Protecting the Undeleted in Machine Unlearning
This work highlights a critical security flaw in machine unlearning for data privacy, proposing a new definition to protect undeleted data, which is foundational for secure AI systems.
The paper demonstrates that machine unlearning approaches aiming for perfect retraining pose privacy risks for undeleted data, allowing reconstruction attacks that can recover almost the entire dataset with minimal adversarial control.

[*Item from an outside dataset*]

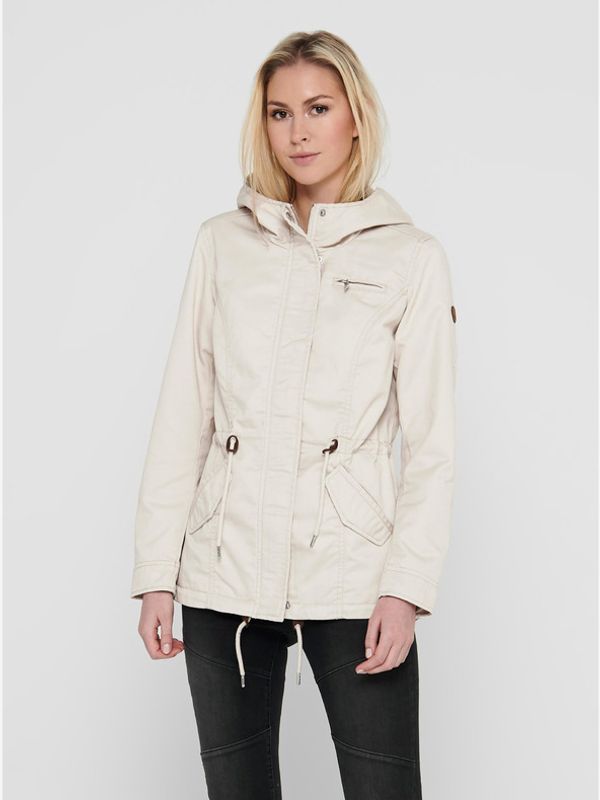 ONLY ONLY Lorca Parka bijela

Machine unlearning aims to remove specific data points from a trained model, often striving to emulate "perfect retraining", i.e., producing the model that would have been obtained had the deleted data never been included. We demonstrate that this approach, and security definitions that enable it, carry significant privacy risks for the remaining (undeleted) data points. We present a reconstruction attack showing that for certain tasks, which can be computed securely without deletions, a mechanism adhering to perfect retraining allows an adversary controlling merely $ω(1)$ data points to reconstruct almost the entire dataset merely by issuing deletion requests. We survey existing definitions for machine unlearning, showing they are either susceptible to such attacks or too restrictive to support basic functionalities like exact summation. To address this problem, we propose a new security definition that specifically safeguards undeleted data against leakage caused by the deletion of other points. We show that our definition permits several essential functionalities, such as bulletin boards, summations, and statistical learning.